Film Review: Scribe


Blending various influences from the likes of The Conversation, Blow Out and perhaps most closely The Lives of Others by German director Florian Henckel von Donnersmarck, Scribe is an efficient, albeit underwhelming evocation of these surveillance thriller masterpieces.

Though it does not come close to its lofty aspirations, the film – a debut feature by writer-director Thomas Kruithof – does boast an impressive cast of French talent, led by the ever-reliable François Cluzet. The veteran actor, known for Tell No One and Les Intouchables, plays the titular typist, Duval, and a character whose methodical, meticulous ways boarder on the maniacal – as is shown in an opening prologue where the demands of working at a law firm in subservient conditions lead him – two years later – to drink and unemployment.

Down on his luck, but sober, he struggles to re-enter the world of work until a mysterious phone call from ‘Monsier Clément’ presents him with an ask-no-questions opportunity. The restrictive, lonely and analogue framework under which he copies telephone recordings from tape to paper via a typewriter is echoed in little range for the gifted actor to express himself other than alternately anguished, guilt-written and uncomprehending stares.

And as you might expect, upon hearing something he shouldn’t, Duval is left in something of a quandary. But like the automated, mechanical manner that he transcribes the cassettes assigned to him, the action never really picks up or generates any suspense. There are elements here of slow-burning Le Carré-esque spy thrillers, but at the same time right-wing political posters proclaiming ‘France is back’ – or perhaps being “Made great again” – suggest a more modern relevance. However, with so much suggestion and allusion elsewhere there is little conviction.

References to other cinematic touch points work up to a point but Scribe develops none of its own real identity. The original French title, La mécanique de l’ombre (The Mechanics – or inner workings – of The Shadows) refers more subtly to societal manipulation or puppetry by largely unseen or unknown forces but Simon Abkarian’s fixer and Sami Bouajila’s government man are not fleshed out and a thin plot becomes increasingly predictable. Further, a female part shoe-horned in for Italian actress Alba Rohrwacher as a fellow recovering alcoholic flits irritatingly at the periphery of the main body of narrative.

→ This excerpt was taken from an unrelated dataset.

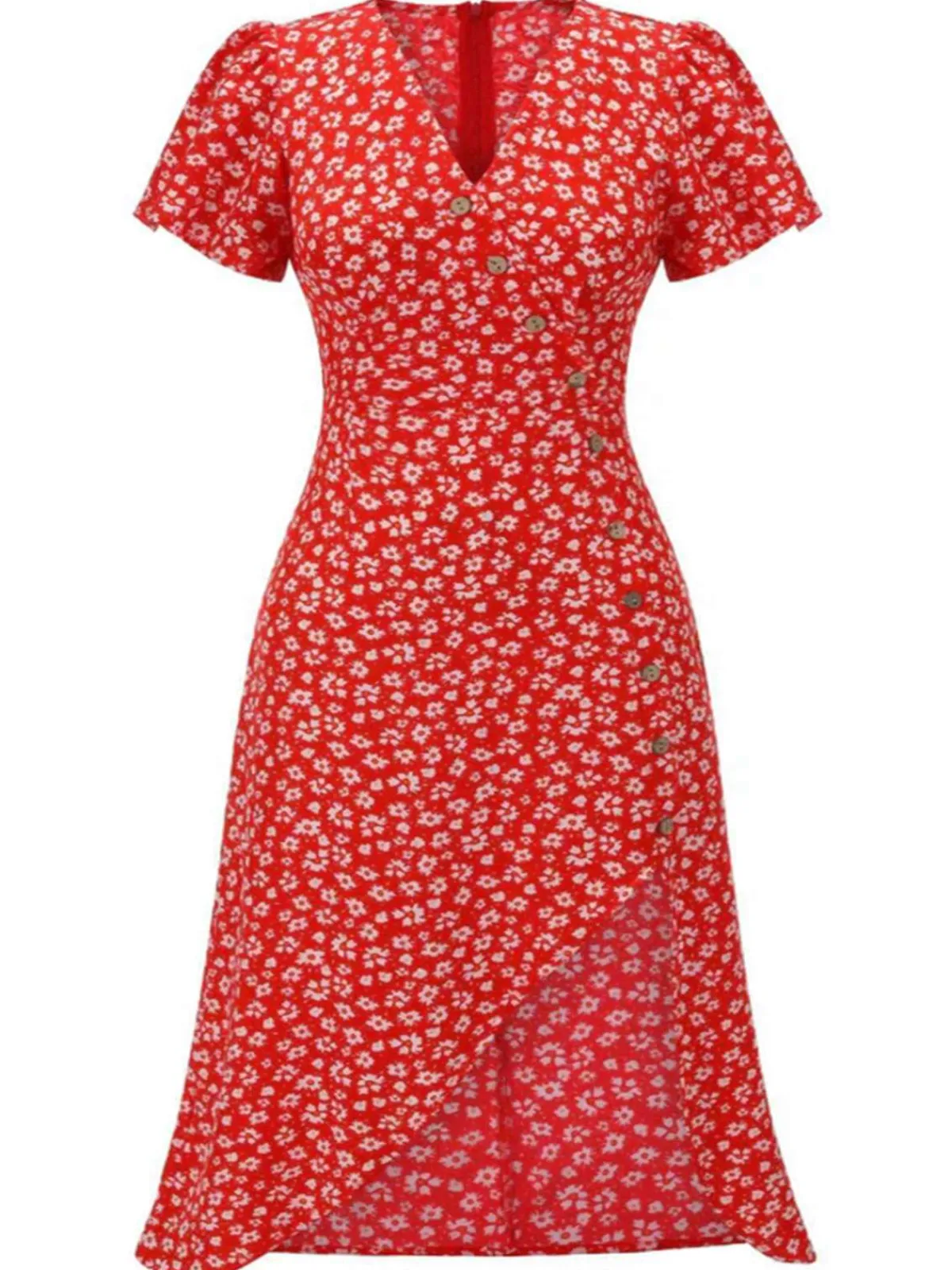 Discount Retro Stage [Plus Size] 1940s Floral V-Neck Added Button Dress Red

She exists only to humanise Duval as a fellow loner and then becomes prey when unwittingly embroiled in his ‘problèmes’.

Unlike its forebears, the insularity and scaled-down political intrigue of Scribe – which dabbles with references to the decade-long Lebanon hostage crisis of the 1980s and suggestion of Europe’s current right-wing shift – limit its impact and is representative of a slightly misguided film trying too hard to be something it can’t quite become.